I'm using a custom environment and have tried using a few different dockerfiles as base images from the Microsoft container repository. For example, I've tried the "mcr.microsoft.com/azureml/openmpi3.1.2-cuda10.2-cudnn7-ubuntu18.04" base image.
In the build log, I can see that the correct dependencies are installed each time but the code still doesn't detect a GPU. I tried forcing docker to use the GPU with docker_arguments = ["--gpus", "all"] but this causes the build to fail with this error:
AzureMLCompute job failed.
FailedStartingContainer: Unable to start docker container
FailedContainerStart: Unable to start docker container
err: warning: your kernel does not support swap limit capabilities or the cgroup is not mounted. memory limited without swap.

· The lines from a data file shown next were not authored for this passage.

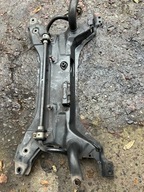 MITSUBISHI OUTLANDER III 15-21R WOZEK SILNIKA BELKA SANKI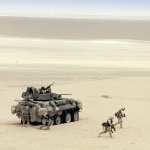 Armoured Fighting Vehicle photos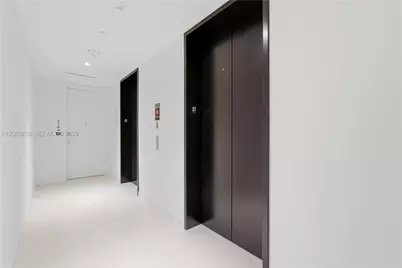 1400 Biscayne Blvd #2104, Miami, FL 33132 - Photo 19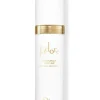DIOR J'adore Perfumed Deodorant< Til Hende|Deodoranter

docker: error response from daemon: oci runtime create failed: container_linux.go:370: starting container process caused: process_linux.go:459: container init caused: running hook #1:: error running hook: exit status 1, stdout: , stderr: nvidia-container-cli: mount error: file creation failed: /mnt/docker/overlay2/66b78fe178db5d08ca4db26528f1a6de00aba65b528a6568649b1abcbea22348/merged/run/nvidia-persistenced/socket: no such device or address: unknown.
Reason: warning: your kernel does not support swap limit capabilities or the cgroup is not mounted. memory limited without swap.
docker: error response from daemon: oci runtime create failed: container_linux.go:370: starting container process caused: process_linux.go:459: container init caused: running hook #1:: error running hook: exit status 1, stdout: , stderr: nvidia-container-cli: mount error: file creation failed: /mnt/docker/overlay2/66b78fe178db5d08ca4db26528f1a6de00aba65b528a6568649b1abcbea22348/merged/run/nvidia-persistenced/socket: no such device or address: unknown.
Info: Failed to prepare an environment for the job execution: Job environment preparation failed on 10.0.0.5 with err exit status 1.
It feels like I've missed some obvious step somewhere...
Thanks for any help!